Why does it happen?
If you look at the full output of cabal install darcsden
, you will find several lines that look like this:
binary-0.5.1.0 -bytestring-in-base (reinstall) changes: array-0.4.0.0 ->
0.3.0.3, containers-0.4.2.1 -> 0.4.1.0
This means that cabal
has found an install plan that involves (destructively) reinstalling packages that you already have on your system.

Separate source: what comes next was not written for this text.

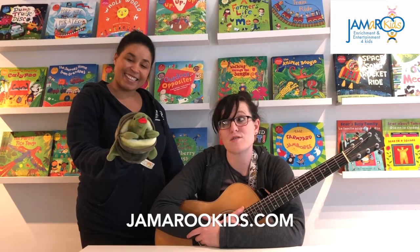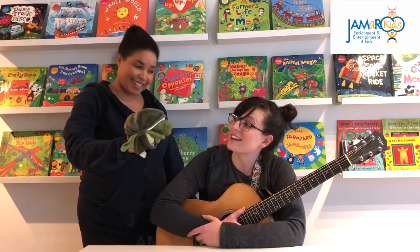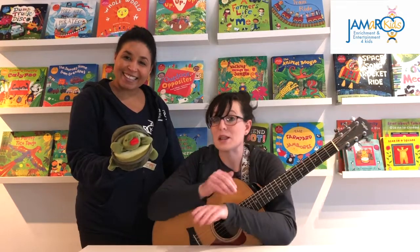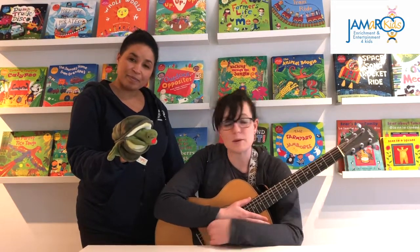Today we're going to be doing another version of the tune Baby Beluga, but this song is called Tallulah the Turtle. If you have a turtle puppet you can definitely use that. You could make a little turtle with your hands like that, or you could use a little stuffed animal.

Now, GHC packages are rather sensitive when it comes to their (reflexive) dependencies, and generally only work if exactly the right version of all dependencies is available, compiled against the right versions of their dependencies and so on. Therefore, replacing an already installed package with a new version of changed dependencies can cause some packages on your system to become unusable. Since version 0.14.0, cabal
warns you about such a situation in advance to prevent you from accidentally breaking your system.
In your case, ghc
and bin-package-db
are among the potentially broken packages, because they depend on binary
which gets reinstalled. So you should not try to use the --force-reinstalls
flag, because it might really break your GHC.
What can you do?
If you scan what is going to be reinstalled, you see that quite a few dependencies are downgraded. This hints at the fact that the package you are trying to install might not be properly updated to GHC 7.4.1 yet.
You can in general try to call cabal install darcsden --avoid-reinstalls
to explicitly try to find an install plan that has no reinstalls. Unfortunately, in this case, it fails (for me).
I've briefly looked at the darcsden
package description, but it looks like quite a few dependencies of darcsden
need to be updated. So the remaining options are: Convince the author(s) of darcsden
to release an updated version, or install darcsden
using an older version of GHC (such as 7.0.4), which should just work.